__Given records__:
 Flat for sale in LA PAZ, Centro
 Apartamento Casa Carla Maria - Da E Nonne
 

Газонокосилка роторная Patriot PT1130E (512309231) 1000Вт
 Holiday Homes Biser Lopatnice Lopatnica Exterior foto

...

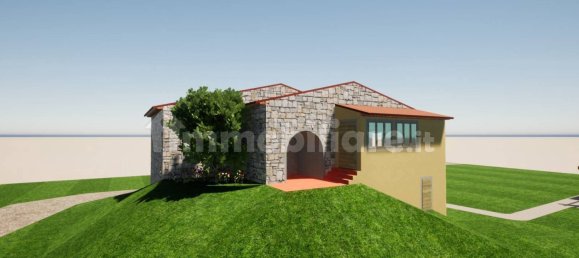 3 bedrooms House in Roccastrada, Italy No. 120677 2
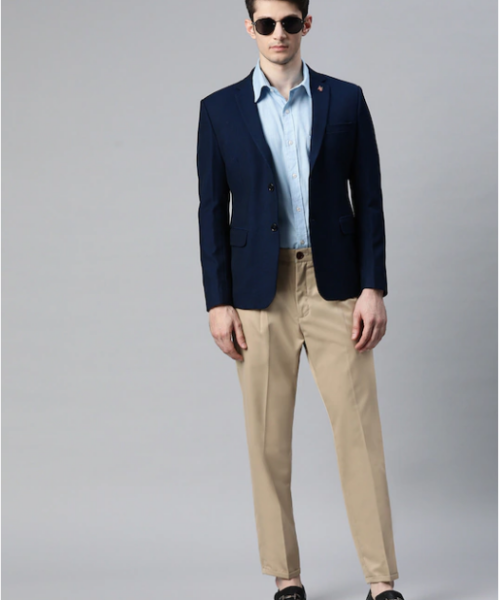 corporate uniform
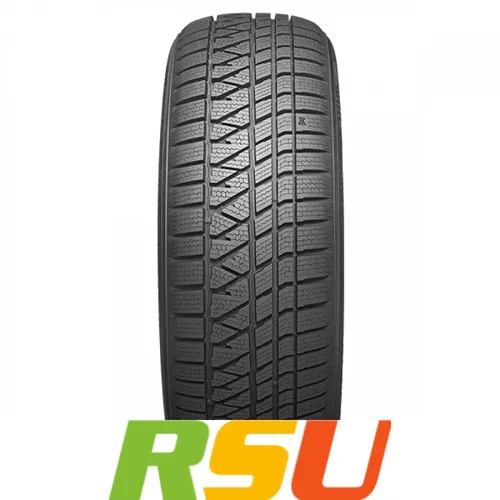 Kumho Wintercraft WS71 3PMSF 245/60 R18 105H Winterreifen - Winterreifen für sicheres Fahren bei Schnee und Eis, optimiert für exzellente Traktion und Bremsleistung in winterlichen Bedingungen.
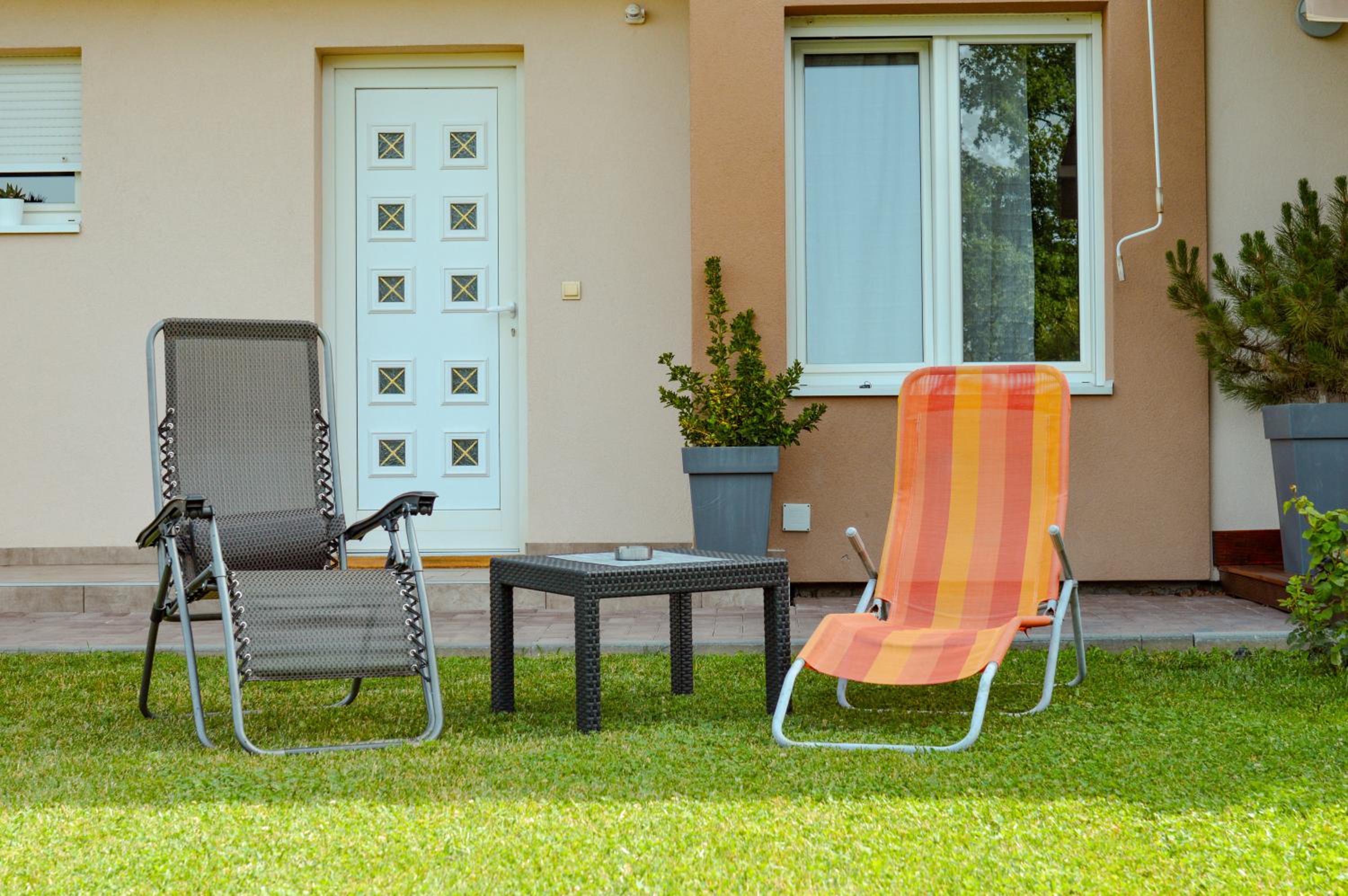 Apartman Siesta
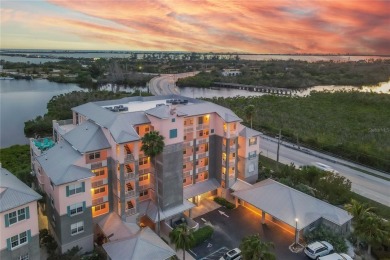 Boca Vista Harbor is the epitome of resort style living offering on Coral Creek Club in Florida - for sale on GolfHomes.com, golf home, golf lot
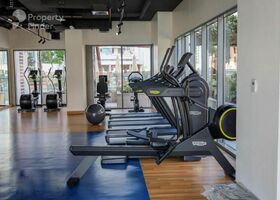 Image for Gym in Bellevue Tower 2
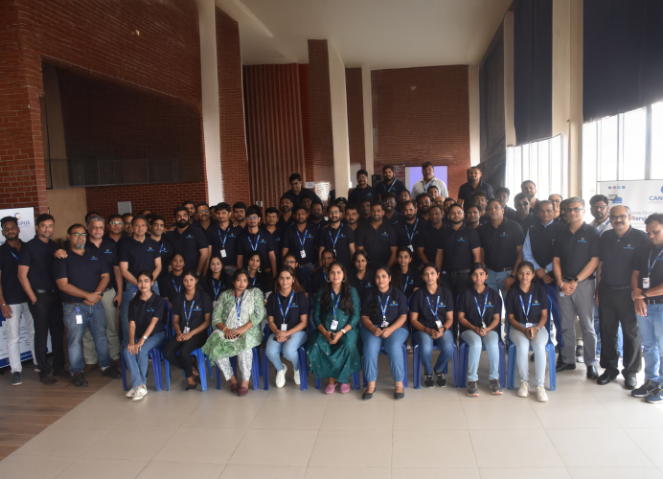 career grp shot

...

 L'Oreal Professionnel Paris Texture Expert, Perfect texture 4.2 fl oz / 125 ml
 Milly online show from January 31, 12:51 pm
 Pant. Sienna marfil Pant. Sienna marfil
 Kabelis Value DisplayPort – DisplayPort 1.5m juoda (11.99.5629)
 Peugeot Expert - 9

__What to do__:
Go through the lines of the material, counting those with the word "Expert"; afterward give only the total.

__Output for this exercise__:
2